For a $550K Calgary legal suite property with 20% down, the back-of-napkin shape is roughly $110K down, mortgage payment near $2,700/mo, expected rent in the $3,800–4,400 range across both doors, fixed costs around $900–1,100/mo. The deal works or it doesn't at this level. Everything else is detail.
Stress-test BEFORE you offer. What happens if rates rise 1% at renewal? If vacancy hits a month per year? If maintenance eats an extra $200/mo? The deal has to survive a hard pencil, not just a soft one.
Here's the line a lot of first-timers miss — cashflow without reserves isn't cashflow. It's premature spending. Hold back one month's rent per year for vacancy. Put 5–10% of rent into a capex reserve. The roof, the furnace, the water tank — they're coming. Reserve for them now or scramble for them later.

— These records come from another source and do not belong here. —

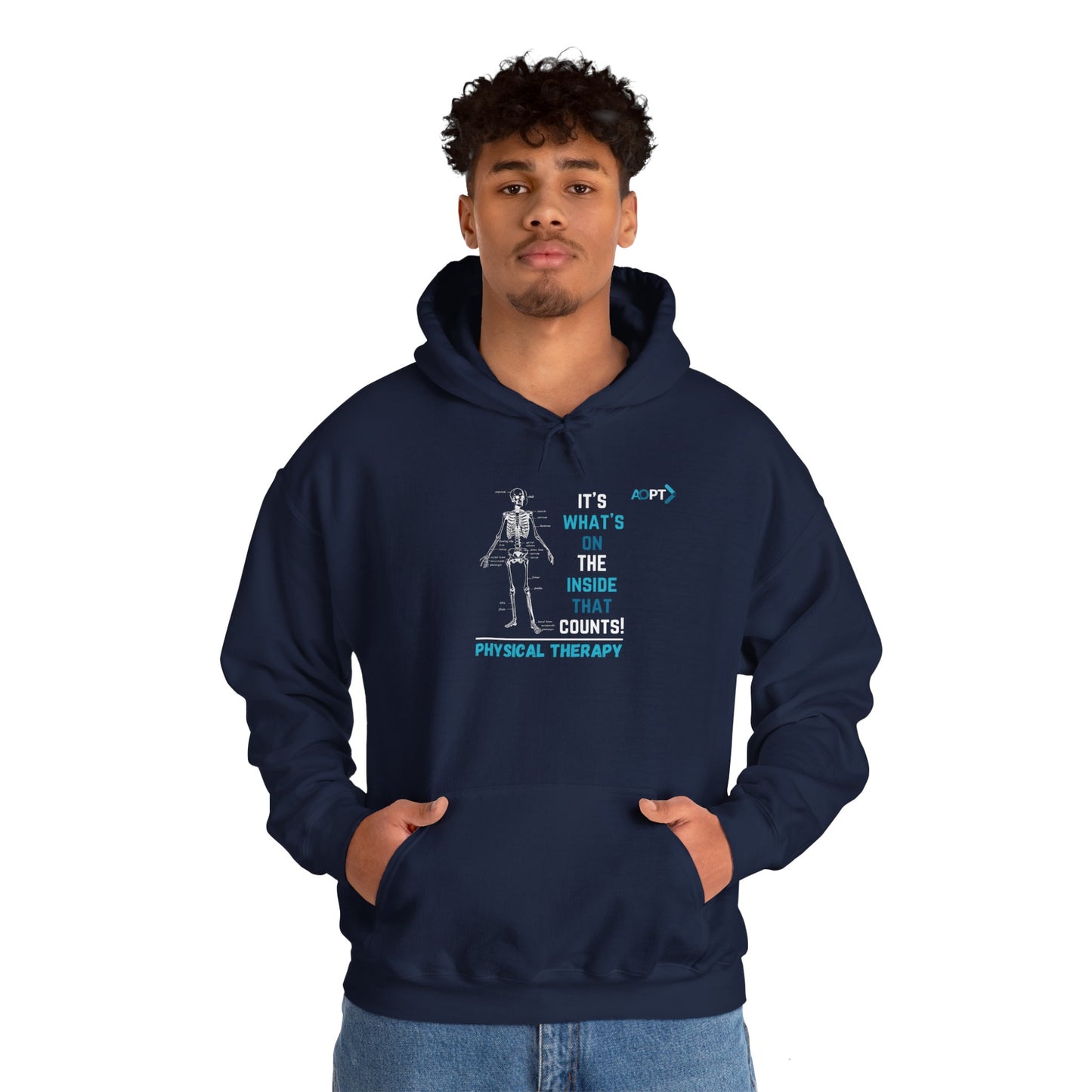 Inside Counts Hoodie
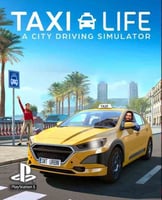 لعبة Taxi Life: A City Driving Simulator | حساب |...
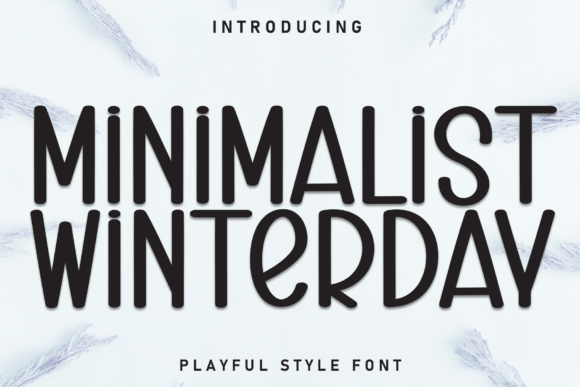 Strategic Clarity: Leveraging Minimalist Winterday for Intentional Design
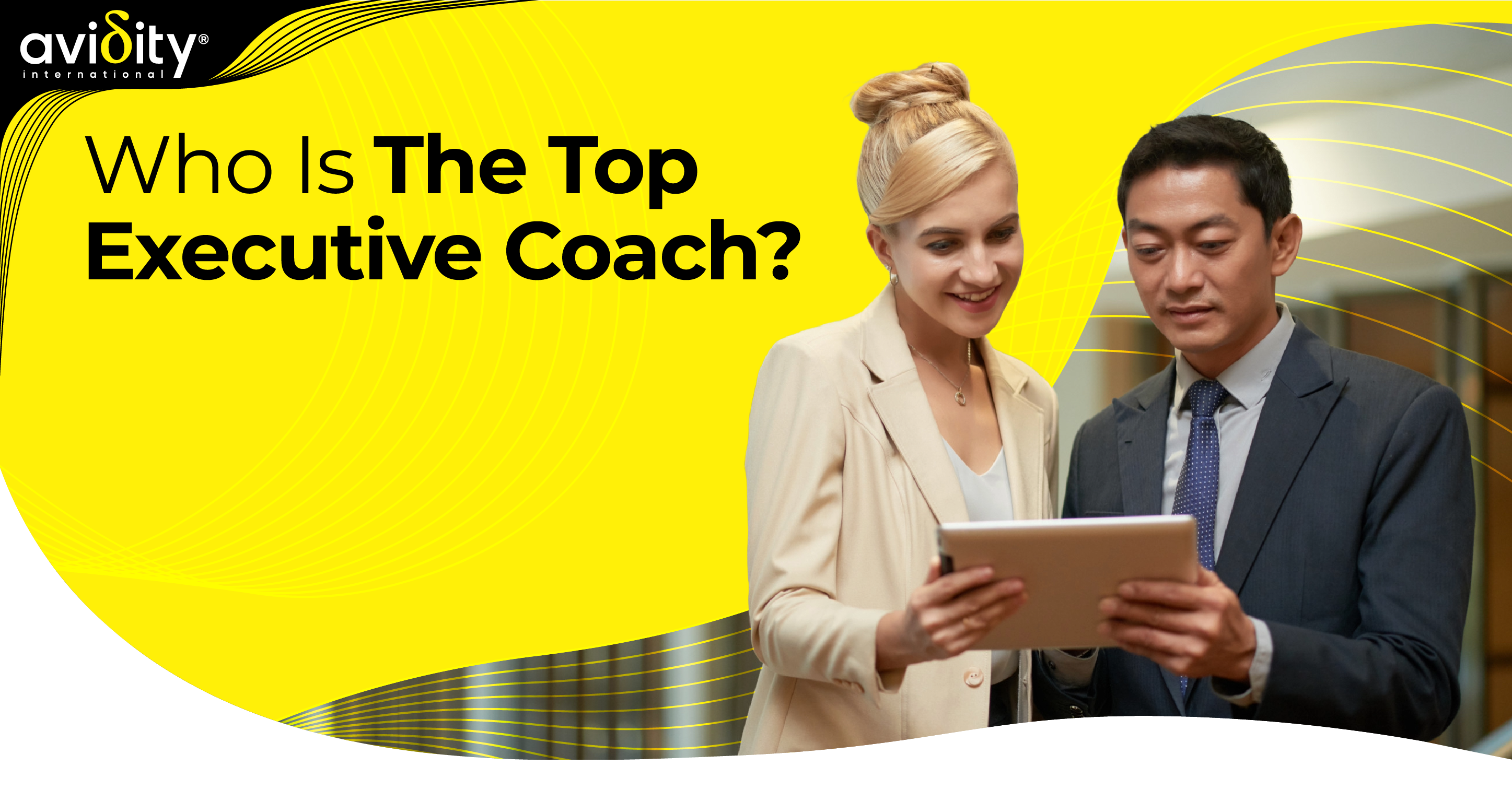 Who Is the Top Executive Coach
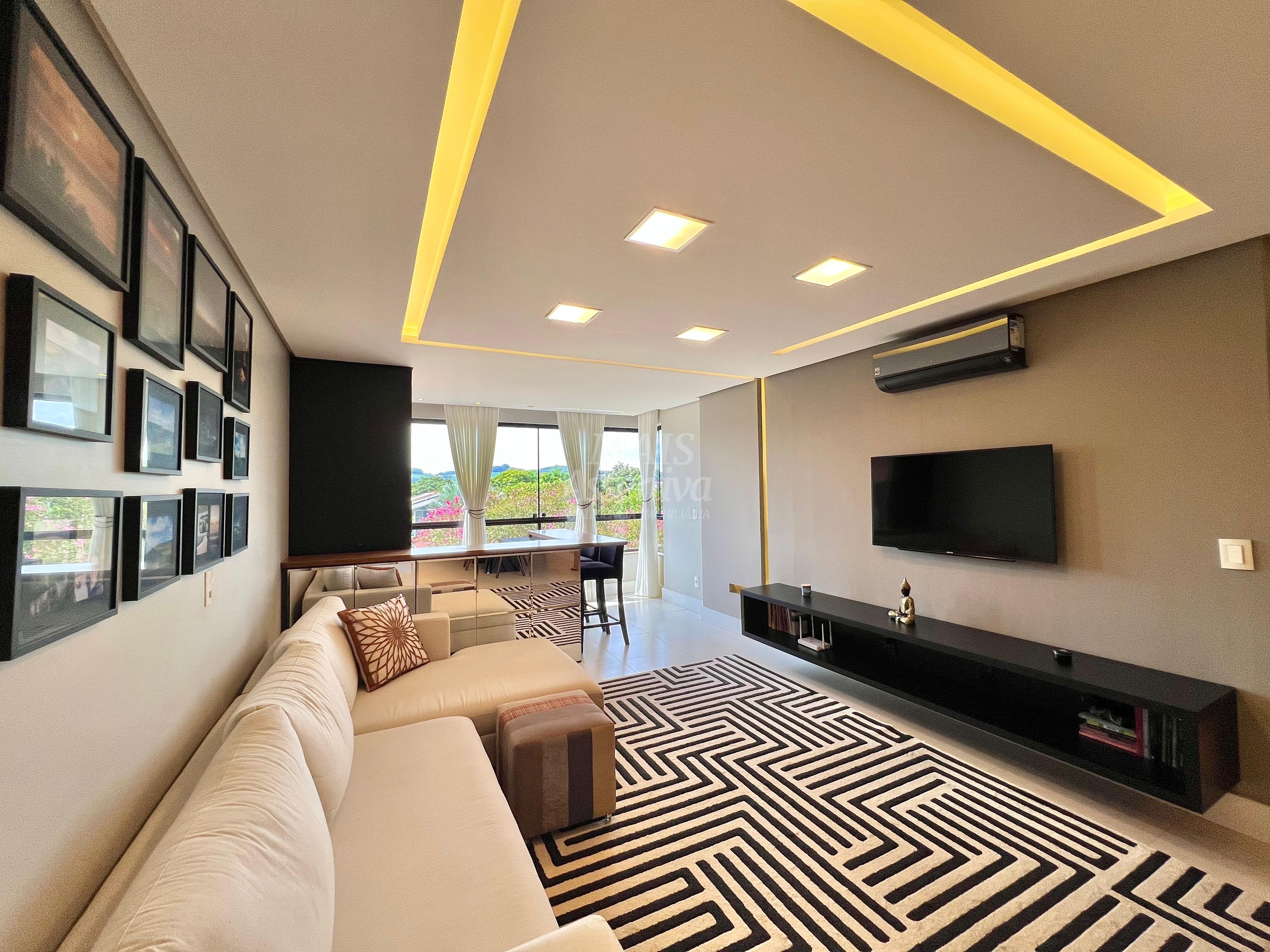 Apartamento mobiliado para venda - Residencial Onix em Dois Irmão/RS.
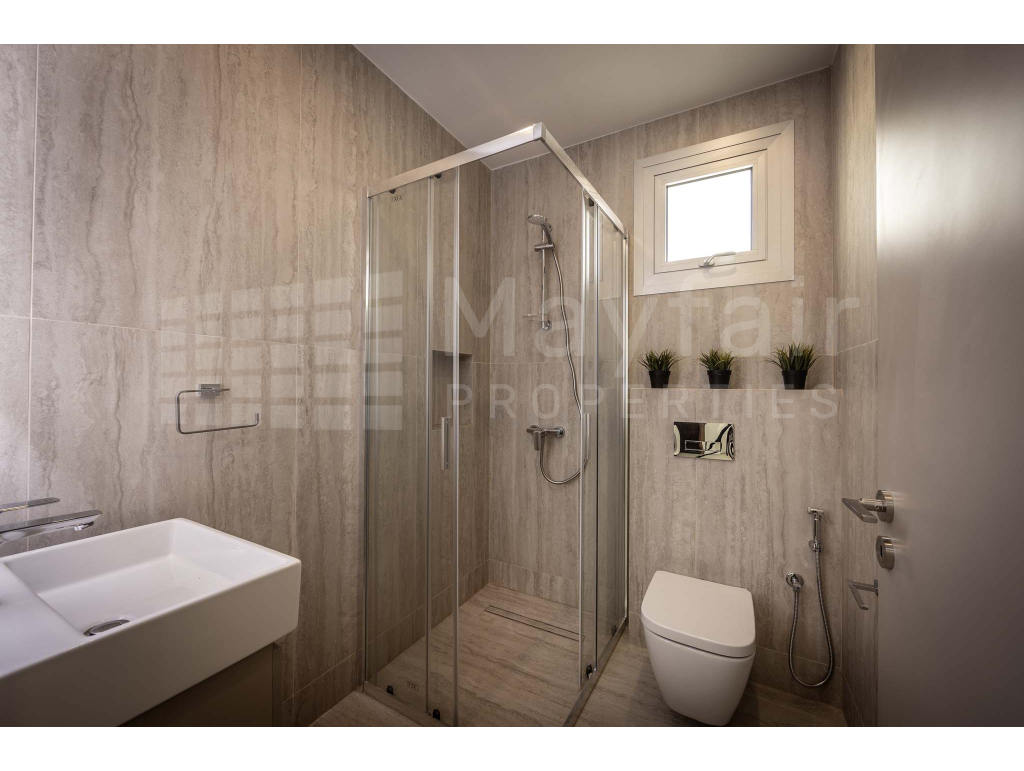 2-bedroom Apartment in Aradippou for Rent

What good math looks like — positive cashflow AFTER reserves (not before). Principal paydown that your tenant funds. Equity that builds even if appreciation does nothing. Tax treatment of legitimate expenses working in your favour. Four engines pulling on this property — cashflow, paydown, tax treatment, appreciation — and you don't need every engine to be strong. You just need the math to be honest.
Part 3 (Fri) walks the offer itself — how to make it without overpaying.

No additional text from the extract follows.